La seule tristesse véritable est celle du péché ; c’est pourquoi

Cette joie, nul ne peut nous la ravir" (Jésus après la Cène)


Nous sommes assurés de la victoire. La source de notre joie consiste à faire entrer les autres dans la connaissance du mystère de Dieu pour que notre joie soit complète.

La joie chrétienne : appartenir au Christ

Cette joie nous est communiquée : le cœur de Jésus, cœur humain, a su aimer Dieu. Dans la sainte Trinité, il y a une nature humaine. L’infini entre Dieu et nous a été comblé par une liberté humaine.
Dans la communion, Jésus nous prend dans le regard du Père. Quand nous regardons la croix, nous regardons aussi l’amour de Jésus pour son Père.
La joie du Christ c’est de rendre toute la création à son Père et notre joie chrétienne est de faire partie de ce grand mouvement : la joie du Christ devient alors notre joie, c’est la vie de la grâce. La joie est une grâce, un don mais aussi un combat, celui de la volonté pour rester fidèle à cette grâce.
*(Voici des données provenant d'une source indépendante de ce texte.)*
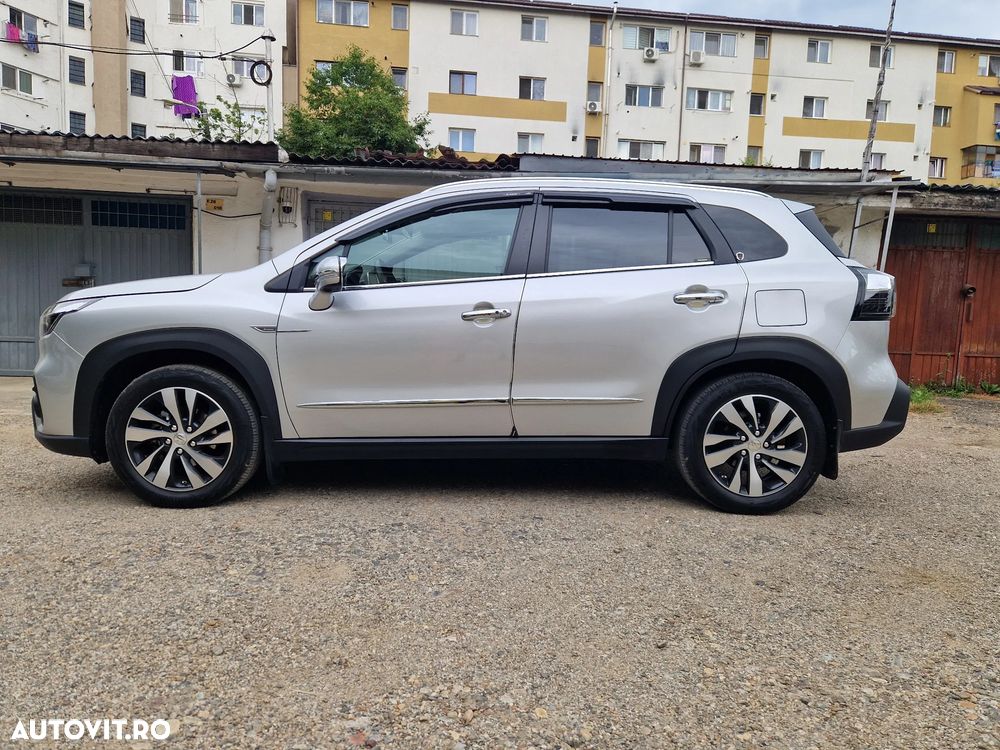 Suzuki SX4 - 16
L’essentiel de la foi ou joie chrétienne consiste à appartenir au Christ.

La joie est aussi le fruit de la présence du Saint Esprit qui la fait jaillir : cf. Epître aux Galates : « …paix, joie, bonté, douceur… »
Cette joie n’est pas conditionnée par l’extérieur ; elle est la libération du péché, de tout ce qui empêche notre appartenance au Christ. Notre grand combat est celui de la foi : « J’ai gardé la foi » dit St Paul.

Cependant, la joie que nous expérimentons n’est pas sans mélange, sans souffrance ni douleur avec lesquelles elle est compatible. Dans la liturgie, il y a 2 dimanches qui invitent plus particulièrement à la joie :

  • le 3e dimanche de l’Avent : « Gaudete »
  • le 4e : « Laetare » joie du christ qui va venir Ce sont des paroles de joie et de consolation dans un temps de pénitence.

Saint François de Sales : un maître de la joie spirituelle

Il fut un pasteur en période de crise, évêque en exil ayant écrit un chef d’œuvre : Le Traité de l’amour de Dieu

La joie est le signe de l’abandon de notre volonté dans les mains de Dieu et prouve alors notre attachement, notre amour de Dieu. « Il faudrait songer à changer l’enseigne ! » dit St François, un jour à Ste Jeanne de Chantal alors qu’elle portait une très belle robe : « Vous songez à vous remarier ? »

Comment devenir joyeux ? En faisant comme si on l’était. Le démon a pouvoir sur notre imagination pour nous faire tomber dans son piège ; alors il faut prendre le contrecoup de la tristesse en disant les mots de la joie, en y croyant, en y restant. On peut dire qu’on aime quelqu’un avec lequel on a du mal quand on lui veut du bien.

L’eucharistie est une nourriture qui nous soutient dans les combats de la vie, le viatique pour ne pas défaillir en chemin (effet de la communion) ; la mission du directeur spirituel est de rassurer. Dieu est le vrai directeur de nos âmes avec l’Esprit Saint qui nous guide pour vivre l’Évangile.

Le Seigneur nous a créés pour la joie du ciel qui commence au baptême. Ce qui compte, c’est notre fidélité à cette vie de la grâce par la prière, la lecture de la parole de Dieu, moyen ordinaire de notre salut.
C’est aussi dans l’accomplissement de notre devoir d’état que nous faisons l’expérience de la présence de Dieu et que nous goûtons à la joie.